WHY. HOW. Dude, Brandon Sanderson can WRITE. This book was so weird and wonderful and interesting and engaging. Honestly this is one of the strangest and coolest books I have ever read. It had great characters, world-building, themes, mystery. I loved every single minute of it. And now all I want to do is jump into every single Brandon Sanderson fantasy series. I might do just that, too.
Joel: He's curious and clever and a bit of an outcast. He has a desire for knowledge that others often find weird or intrusive, but that's a big reason why I loved him. It's easy to identify with him because he feels like he's missed his chance to be special. But then he still works to make things happen for himself. He's persistent and determined. I thought he was a really good narrator, too. That feels like a weird thing to point out, but I mean that through him Brandon Sanderson was able to tell a really great story.
Melody: LOVE HER. I love how Brandon so accurately created a teenage girl. She's sort of crazy, and weird, and curious, and creative. But she was also sort of selfish and loud and she feels inadequate a lot of the time.
I've fallen in love with Joel and Melody's friendship, too. Their dynamic is so interesting because they squabble a lot and tease each other, but they grudgingly became friends until they were just good friends.
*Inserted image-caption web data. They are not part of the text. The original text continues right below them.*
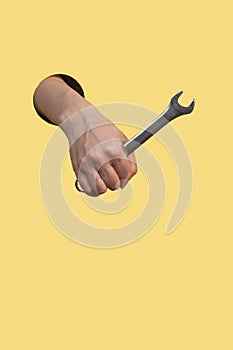 A hand pulls out a wrench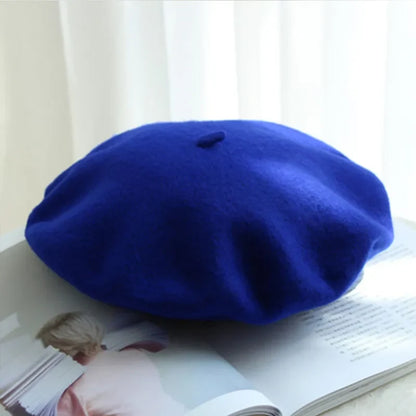 Warm ladies' classic beret. Elegant wool hat, perfect for cold weather fashion.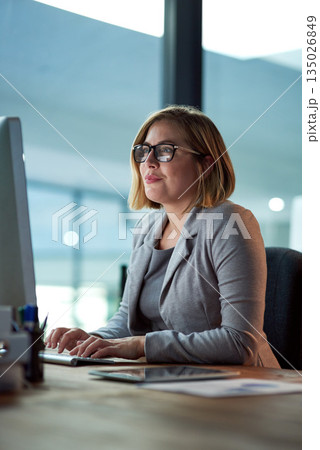 Computer, typing and business woman in office working late on project at night alone. Desktop, professional and female accountant writing email, report or planning, reading and overtime for deadline. Computer, typing and business woman in office working late on project at night alone. Desktop, professional and female accountant writing email, report or planning, reading and overtime for deadline. 135026849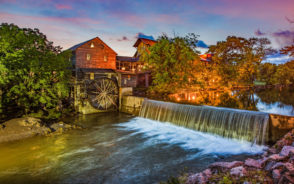 Gorgeous view of the mill and falls pictured lit up at dusk during the best time to visit Pigeon Forge, TN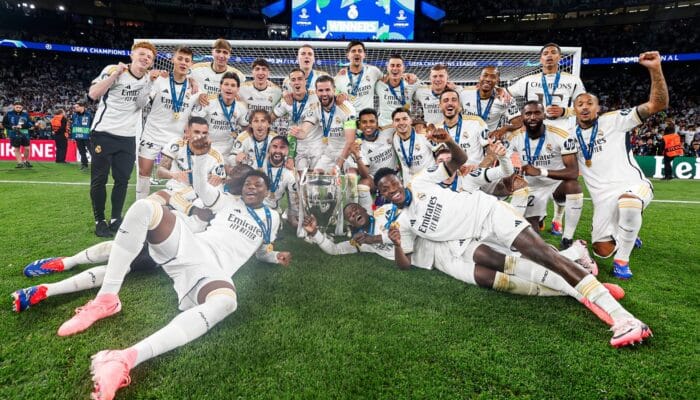 Vini dan Carvajal Antar Madrid Boyong Trofi UCL ke-15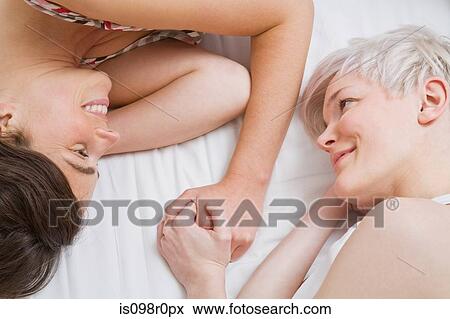 Stock Photo - A lesbian couple in bed. Fotosearch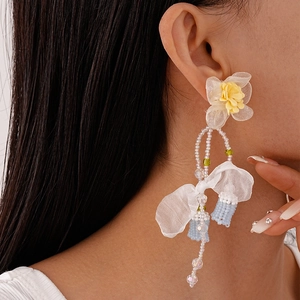 Close-up of long tassel earrings with lace flowers and blue fringe on a model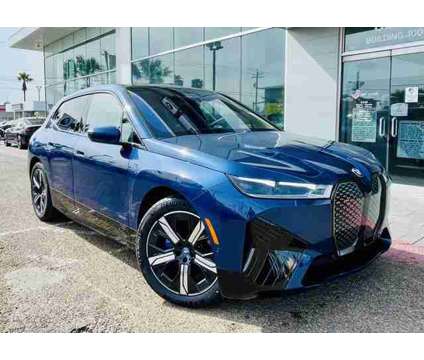 2024 BMW iX xDrive50 is a Blue 2024 BMW 325 Model iX SUV in Mcallen TX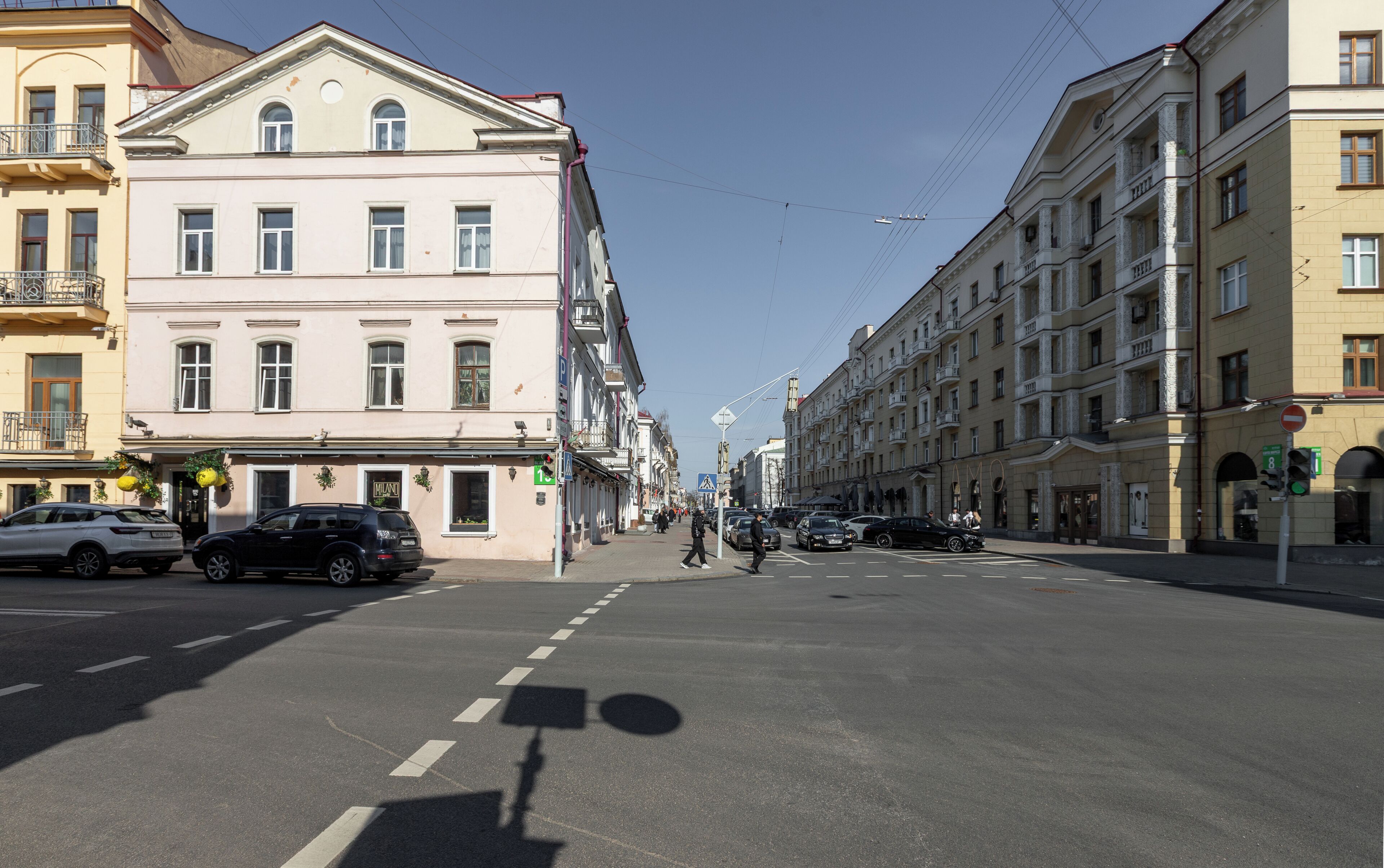 A street with buildings, cars, and a pedestrian crossing.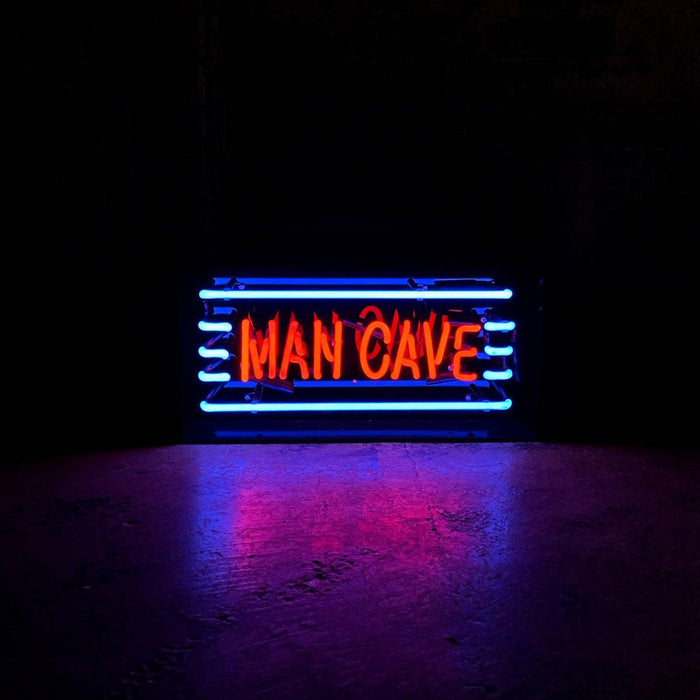 Man Cave neon sign glowing in a dark room with blue and red lighting
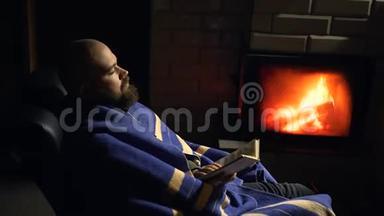 长胡子的人睡在壁炉附近的摇椅上。 湿度概念
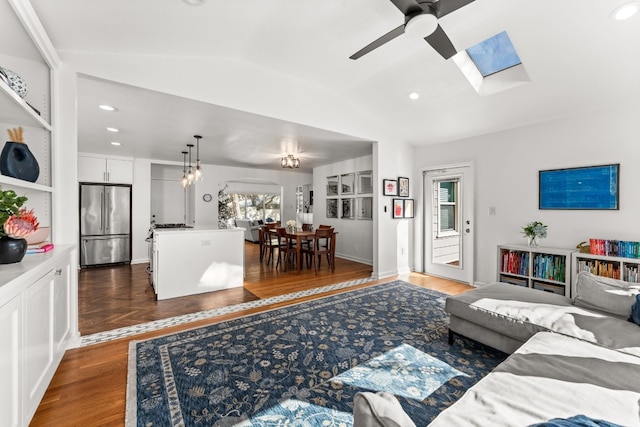 living room featuring vaulted ceiling with skylight, dark hardwood / wood-style flooring, and ceiling fan with notable chandelier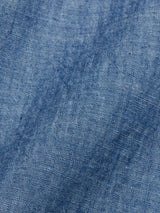 Close-up of the Sandro Chambray Shirt by Blue de Gênes, showcasing its blue chambray fabric with woven texture and subtle shade variations, featuring a diagonal weave pattern characteristic of denim.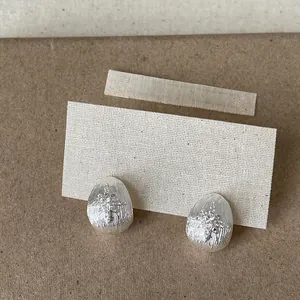 Macro view of silver teardrop stud earrings with zircon star pattern on textured cardstock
It was so well-developed. At they end they made me so happy and emotional.
"You came out here to get humiliated, and you didn't even invite me along!"
She hesitated, then smiled. "Idiot," she said.
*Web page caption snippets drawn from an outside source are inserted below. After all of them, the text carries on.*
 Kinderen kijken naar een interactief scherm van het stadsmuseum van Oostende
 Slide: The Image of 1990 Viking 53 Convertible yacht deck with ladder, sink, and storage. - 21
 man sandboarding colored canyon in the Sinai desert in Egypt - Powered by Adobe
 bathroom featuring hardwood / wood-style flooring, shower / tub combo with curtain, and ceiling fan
Fitch: It's impossible not to love him. A sweet, nervous, older professor who takes the two outcasts under his wings. He seems to have almost inexhaustible patience, a quality he most definitely needs in dealing with Melody and Joel.
Nalizar: So interesting. I'm excited to see what happens in the future books, although I won't go into why to avoid spoilers and such.
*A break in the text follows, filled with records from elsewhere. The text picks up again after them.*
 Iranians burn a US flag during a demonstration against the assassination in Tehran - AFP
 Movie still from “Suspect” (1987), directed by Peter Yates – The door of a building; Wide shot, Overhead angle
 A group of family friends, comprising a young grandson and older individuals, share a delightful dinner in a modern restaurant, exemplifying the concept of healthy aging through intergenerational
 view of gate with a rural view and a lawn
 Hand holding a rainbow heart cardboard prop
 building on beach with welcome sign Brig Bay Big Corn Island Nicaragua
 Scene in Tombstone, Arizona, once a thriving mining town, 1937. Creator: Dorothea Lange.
This book was so engaging. From the very first page I was caught up in the world, I wanted to know more about Rithmatics, about Joel, about everything. Then the mystery came up and I pulled in the rest of the way. I love how the mystery was handled in this book. There were so many twists and turns, little clues dropped for a bunch of different characters, and false leads. A few different times I got it into my head it was clear-cut, but most of the time I was wrong. I loved being wrong because it meant more intrigue and mystery in the future. I also loved how the book ended. The last scene was perfection and even made me tear up a bit.
FANTASTIC. There was never any info-dumping, but you slowly learned what the heck Rithmatics are and how they affect the world and politics. I always love alternate history worlds. They are so interesting and unique, so as you learn more about the history of this world it gets more and more awesome.
Brandon Sanderson's writing is so wonderful. It's clear and informative, but at the same time it pulls you in and gets you invested in the proceedings and the characters. It must take some magnificent talent to develop and then create this world in a way that's not confusing and without putting a wall around it, keeping the reader out. This book suffer from neither of those problems.
"The most dangerous kind of man is not the one who spent his youth shoving others around. That kind of man gets lazy, and is often too content with his life to be truly dangerous. The man who has spent his youth being shoved around, however...When that man gets a little power and authority, he often uses it to become a tyrant on par with the worst warlords in history."
"However, humans are more than their need to survive."
"Those who have intense hatred often are fascinated by the things they detest."
"Because man created it. He sectioned it off. There is nothing inherently important about a second or a minute. They're fictional divisions, enacted by mankind, fabricated...Yet in a human's hands, these things have life. Minutes, seconds, hours. The arbitrary becomes law."